%%
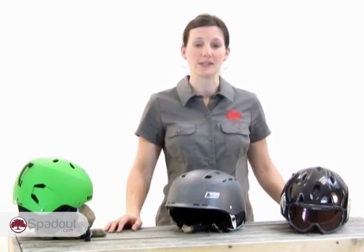Whichever style of helmet you need, the helmet is an important piece of equipment in helping to prevent injuries. All helmets for skiing should be certified for use by organizations such as ASTM, CEN, or SNELL.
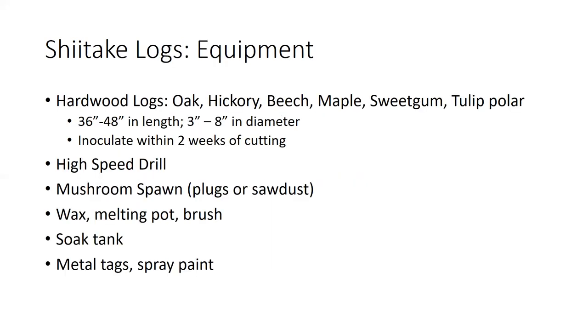For shiitake logs, you will need some equipment to get started. You're going to have to use hardwood logs — softwoods like pine just don't work. A lot of the hardwoods that grow in Alabama forests, things like oak, hickory, beech, maple, and sweetgum, work really well for growing and producing shiitake mushrooms. Especially sweetgum, which is plentiful in people's woodlots and not a very expensive tree.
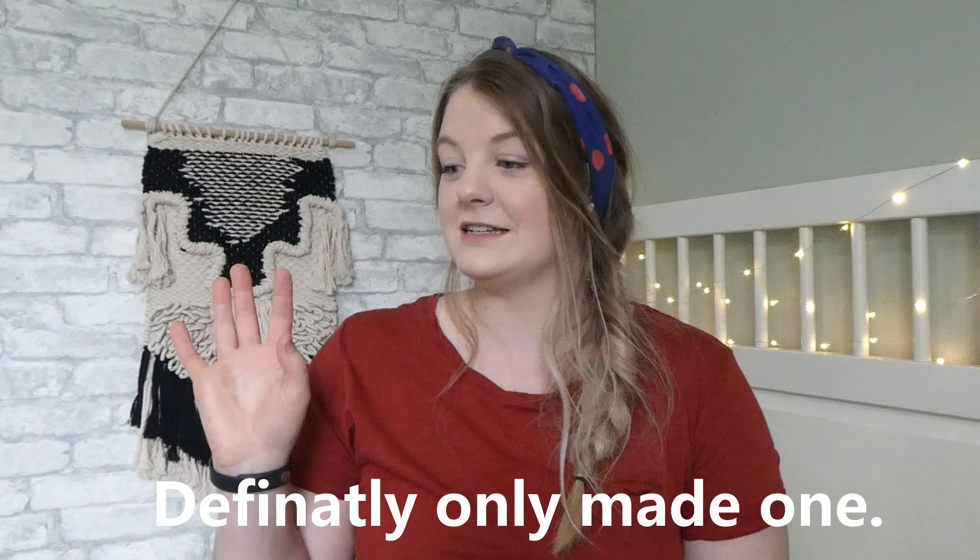Hey guys, what's up and welcome back to my YouTube channel. So in today's video I wanted to share with you guys some of my favorite home decor thrifted pieces. I just wanted to kind of tell you guys what my style is, what I look for when I'm thrifting. I love anything rattan,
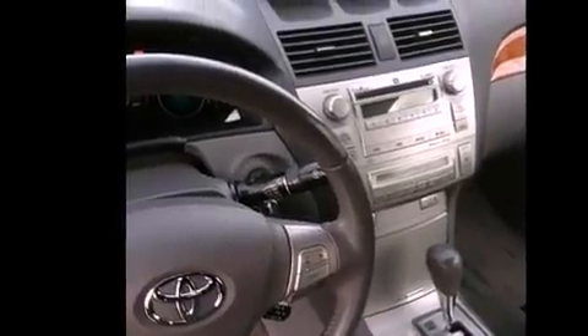A leather-wrapped steering wheel, a passenger side vanity mirror, a security system, and an anti-lock braking system. Also included is an auto-dimming rear-view mirror.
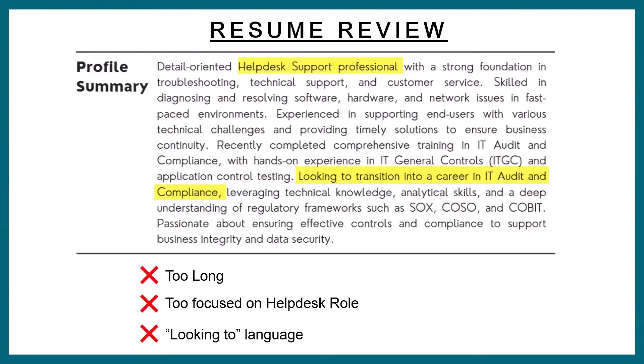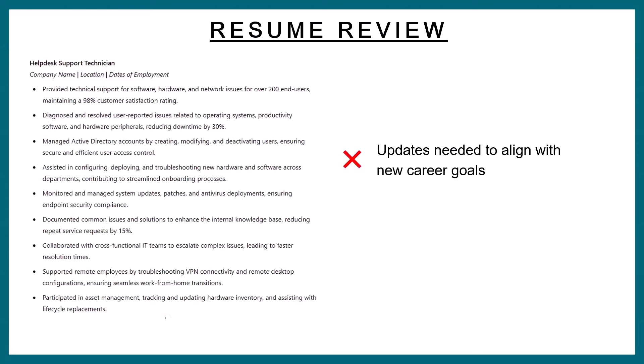So we've talked about how you must use an ATS-friendly resume and we've talked about your profile summary — it shouldn't be too long, it should be forward-looking and focused on the role you're applying to, and you should avoid 'looking to' language. Now the third item I want to train you on is the bullet points.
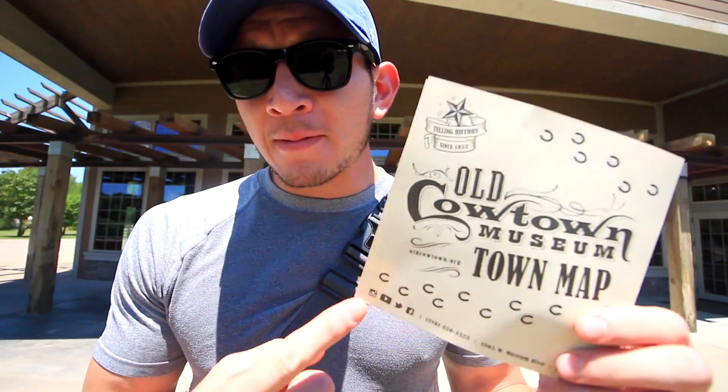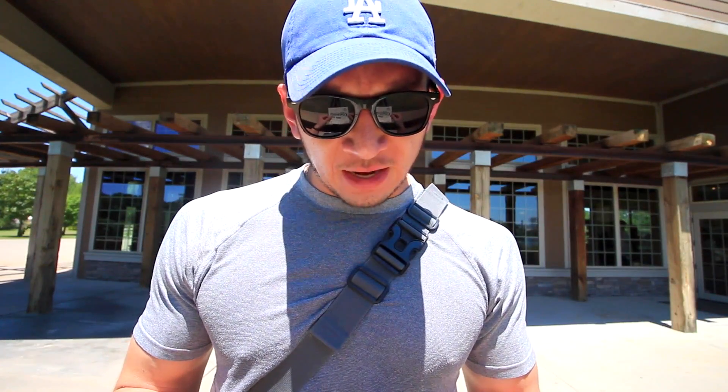Hey guys, so I'm at my next location and it's an old cow town museum. I'm not really sure if it's an actual museum or a reenactment place like an old town, but it's supposed to be a representation of how Wichita used to be prior to everything now. So let's check it out. We're inside and they gave me this map — I've been studying it a bit. I think I'm just going to jump around and show you all the places. The outside: wagon, a church, just a house.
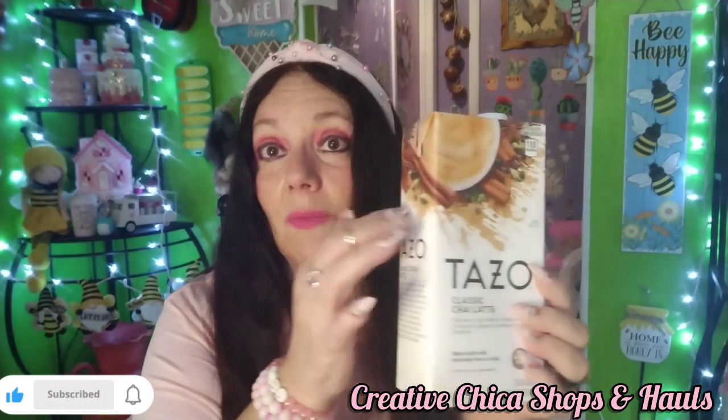I also bought two of these Tezo Classic Chai Lattes. You blend it with milk and you can enjoy it hot or iced. These things are so good. Kimmy from Kimmy's Kitchen and More got me started on this, but I've always liked chai tea anyway. It's a good alternative to iced coffee. It was $5 at Dollar Tree and you get 32 fluid ounces in one of these broth-style containers. Really, really delicious — I got two of those.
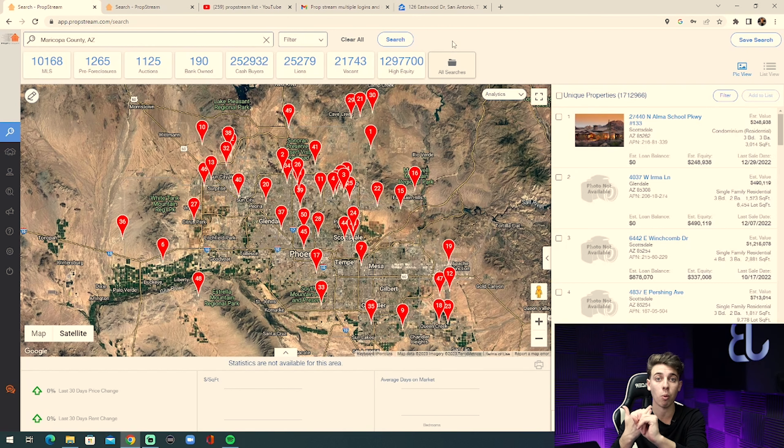I hope that was helpful showing you two of the hottest lists from PropStream. Make sure you go down below, click the link for the seven-day free trial, and sign up for PropStream. Not only do you get seven-day access for free, but you also get 10,000 motivated seller leads for free. Click the link in the description and sign up today. I hope this video was helpful — I'll see you guys next time, peace.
%%
[Work to complete]
Print the listing word for word but skip its pictures.

[Written solution]
Whichever style of helmet you need, the helmet is an important piece of equipment in helping to prevent injuries. All helmets for skiing should be certified for use by organizations such as ASTM, CEN, or SNELL.
For shiitake logs, you will need some equipment to get started. You're going to have to use hardwood logs — softwoods like pine just don't work. A lot of the hardwoods that grow in Alabama forests, things like oak, hickory, beech, maple, and sweetgum, work really well for growing and producing shiitake mushrooms. Especially sweetgum, which is plentiful in people's woodlots and not a very expensive tree.
Hey guys, what's up and welcome back to my YouTube channel. So in today's video I wanted to share with you guys some of my favorite home decor thrifted pieces. I just wanted to kind of tell you guys what my style is, what I look for when I'm thrifting. I love anything rattan,
A leather-wrapped steering wheel, a passenger side vanity mirror, a security system, and an anti-lock braking system. Also included is an auto-dimming rear-view mirror.
So we've talked about how you must use an ATS-friendly resume and we've talked about your profile summary — it shouldn't be too long, it should be forward-looking and focused on the role you're applying to, and you should avoid 'looking to' language. Now the third item I want to train you on is the bullet points.
Hey guys, so I'm at my next location and it's an old cow town museum. I'm not really sure if it's an actual museum or a reenactment place like an old town, but it's supposed to be a representation of how Wichita used to be prior to everything now. So let's check it out. We're inside and they gave me this map — I've been studying it a bit. I think I'm just going to jump around and show you all the places. The outside: wagon, a church, just a house.
I also bought two of these Tezo Classic Chai Lattes. You blend it with milk and you can enjoy it hot or iced. These things are so good. Kimmy from Kimmy's Kitchen and More got me started on this, but I've always liked chai tea anyway. It's a good alternative to iced coffee. It was $5 at Dollar Tree and you get 32 fluid ounces in one of these broth-style containers. Really, really delicious — I got two of those.
I hope that was helpful showing you two of the hottest lists from PropStream. Make sure you go down below, click the link for the seven-day free trial, and sign up for PropStream. Not only do you get seven-day access for free, but you also get 10,000 motivated seller leads for free. Click the link in the description and sign up today. I hope this video was helpful — I'll see you guys next time, peace.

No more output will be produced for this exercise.